Anxious about a long-distance suitor

Dear Meredith,

A few months ago I was on vacation and I met someone who, it turned out, was the brother of one of my friends (we'd never met because he lives halfway across the country). We hung out during our entire vacation and really connected. REALLY connected. We would talk for hours, had the same sense of humor, and I had butterflies every time he was around. Unfortunately, he had a girlfriend of two years back home. Nothing physical happened ... but it definitely felt like an emotional affair at times. We hypothetically talked about what we would be like as a couple, how compatible we were, etc., and his last night on vacation was one of the most romantic nights of my life, although we didn't even hold hands. He said to me, "I've spent all week trying to find one reason why you might not be the one for me, and I can't find a single thing to convince me that we're not supposed to be together."

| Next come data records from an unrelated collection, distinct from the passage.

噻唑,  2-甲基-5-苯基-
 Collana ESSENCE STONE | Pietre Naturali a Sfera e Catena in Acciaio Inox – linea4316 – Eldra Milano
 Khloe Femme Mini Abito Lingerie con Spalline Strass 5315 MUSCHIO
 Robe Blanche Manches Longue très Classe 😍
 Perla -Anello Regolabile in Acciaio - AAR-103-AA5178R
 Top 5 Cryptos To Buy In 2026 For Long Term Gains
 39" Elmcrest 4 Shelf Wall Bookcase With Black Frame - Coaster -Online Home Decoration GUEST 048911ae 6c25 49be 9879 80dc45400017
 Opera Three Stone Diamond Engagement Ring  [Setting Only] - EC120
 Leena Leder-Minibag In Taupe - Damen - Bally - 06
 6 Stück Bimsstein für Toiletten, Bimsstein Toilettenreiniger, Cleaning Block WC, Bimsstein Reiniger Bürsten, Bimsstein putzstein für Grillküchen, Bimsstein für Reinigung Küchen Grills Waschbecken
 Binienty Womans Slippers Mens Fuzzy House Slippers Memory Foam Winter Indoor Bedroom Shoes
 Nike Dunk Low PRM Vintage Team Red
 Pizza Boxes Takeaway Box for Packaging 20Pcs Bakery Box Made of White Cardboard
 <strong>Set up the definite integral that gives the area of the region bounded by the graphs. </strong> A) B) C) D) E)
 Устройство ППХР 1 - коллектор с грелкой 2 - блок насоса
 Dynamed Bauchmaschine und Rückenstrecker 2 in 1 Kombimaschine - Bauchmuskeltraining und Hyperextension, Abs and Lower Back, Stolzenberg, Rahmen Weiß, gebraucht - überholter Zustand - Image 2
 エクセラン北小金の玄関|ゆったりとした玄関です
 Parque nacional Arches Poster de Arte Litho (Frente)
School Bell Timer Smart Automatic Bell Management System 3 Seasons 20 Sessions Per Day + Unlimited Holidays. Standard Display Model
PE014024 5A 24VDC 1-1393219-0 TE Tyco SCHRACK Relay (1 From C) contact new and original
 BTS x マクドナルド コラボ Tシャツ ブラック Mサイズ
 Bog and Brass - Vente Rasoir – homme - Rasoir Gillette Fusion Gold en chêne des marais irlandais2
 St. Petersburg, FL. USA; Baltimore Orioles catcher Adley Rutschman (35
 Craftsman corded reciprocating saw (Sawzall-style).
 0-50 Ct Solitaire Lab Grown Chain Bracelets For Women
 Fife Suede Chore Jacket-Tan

Although I told him it wasn't a good idea, I couldn't resist emailing him back after we left, just chatting casually about movies we liked and things of that nature. After a few weeks he abruptly said he needed to stop talking to me, that his feelings for me were growing and it wasn't fair to his girlfriend. He said that although their relationship didn't always feel right, he wanted to see it through as long as he could. I agreed and told him although I hoped we could be friends, I knew it wasn't possible, and that I would respect his wishes. I hadn't heard from him since.

Until a few weeks ago, that is. His sister texted me that he's coming to visit and that he mentioned he'd like to see me. Oh, and that he'd broken up with his girlfriend a few weeks ago. The timing felt suspicious -- the first visit planned so soon after breaking up with his girlfriend? But I didn't want to read too much into it. Today, he reached out and confirmed that he was coming to Boston next month, and said that while he's here he'd like to take me on a date.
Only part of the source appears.